The purpose of this guide is written, based on the belief that any kind of webpage duplication may be bad for your search engine ranking. So you should take all the precautions to fix potential places where you can run into duplication problems.
WWW and Non-WWW duplication
HTTP and HTTPS canonical problem
Expired + Existing Cache Duplicate
WWW and Non-WWW duplication
Right after you setup the WordPress with Cloudflare, if your blog is originally run under the Non-WWW version, you will run into a WWW duplicated version of your home page immediately. Before you run the services with default WordPress setup, WordPress automatically redirect your home page to the preferred version automatically, without any additional httaccess rules.
However, once you start running Cloudflare services, that part of WordPress rule gets overridden.
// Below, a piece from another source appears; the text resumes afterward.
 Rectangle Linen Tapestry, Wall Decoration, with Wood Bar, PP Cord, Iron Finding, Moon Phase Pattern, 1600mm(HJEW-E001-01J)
You will find now your home page is accessible via both the WWW and non-WWW versions. The problem may come from that they are resolving from my www server when I first started the Cloudflare service.
After observing that the WWW version seemed to resolve on its own. We setup a forwarding page rule on Cloudflare.
Cloudflare Bug: When you first setup a rule, double-check to make sure the forward is labeled 301 permanently remove the redirect. When we first used it, Cloudflare registered it as 302 redirects when you first create the rule. You will have to switch it to 301 then click on “update” again.
Note: I only observed this phenomenon when I first setup the Cloudflare service. After placed the WWW to non WWW forwarding, it appears to fix the issue permanently. As a precaution, we would recommend you try to access the WWW version of your WordPress site after using Cloudflare to be sure. We do not if it may be fixed at a later time.
To be safe and make sure that you give Google additional signals about your WWW or non-WWW preference. We would recommend you to register your site with Google Webmaster Tool.
Register both WWW and non-WWW version of your WordPress site:
Go to Site Settings and select the preferred version. Note that this screenshot shows what happens when you have not registered both versions.
HTTP and HTTPS canonical problem
Search engines treat HTTP and HTTPS versions as two different sites. When you setup Cloudflare on your WordPress site, you may accidentally let your site be accessible via both methods, which results in website duplication issues based on your setting.
You do not want your website to be accessed with both ways, you will basically double your pages indexed on the engines.
To fix it, make sure that your canonical tag on WordPress is in place.
WordPress automatically does it for you after you setup the blog address as explained in our Cloudflare WordPress Flexible SSL guide.
Then, make sure that you do a redirect setup with the Cloudflare page rule to always use HTTPS. This function sets up a 301 redirect for all of your HTTP pages to use HTTPS.
Expired + Existing Cache Duplicate
The last duplication issue can happen with any kind of Cache plugin or services. Your website as a whole can run into duplication issues when you are not careful about cleaning up cache regularly, or when you set up the “live” time to be too long.
Most of the WordPress cache plugins serve your webpages as static HTML files, this decreases page generation time. However, these static HTML files can stay on your server depending on how you configured. Now, you add Cloudflare on top of your cache setup. Cloudflare can take that static HTML, store it on their own pages as their own static cache. (If you use the page rule to “Cache everything”). If you set it up correctly, this setup is godly for informational websites that rely on little dynamic generation.
However, if you are not careful about cleaning up those caches, either WordPress or Cloudflare can serve outdated files and return HTTP 200 to anyone requesting those pages.
Now imagine you do a major site change that involves site structural change which you change the URL’s around. But you did not clear the cache, so the old URL with the same content stays on the web. Even if you have the redirect in place on your original WordPress site, Cloudflare still serves the old cache. Then you will run into some serious duplicated content issue.
Fix it by always cleaning out your cache regularly. Check to make sure that your indexed content behaves the way you intend to regularly. Never ever get your own site penalized just because of duplicate setup errors with Cloudflare + WordPress.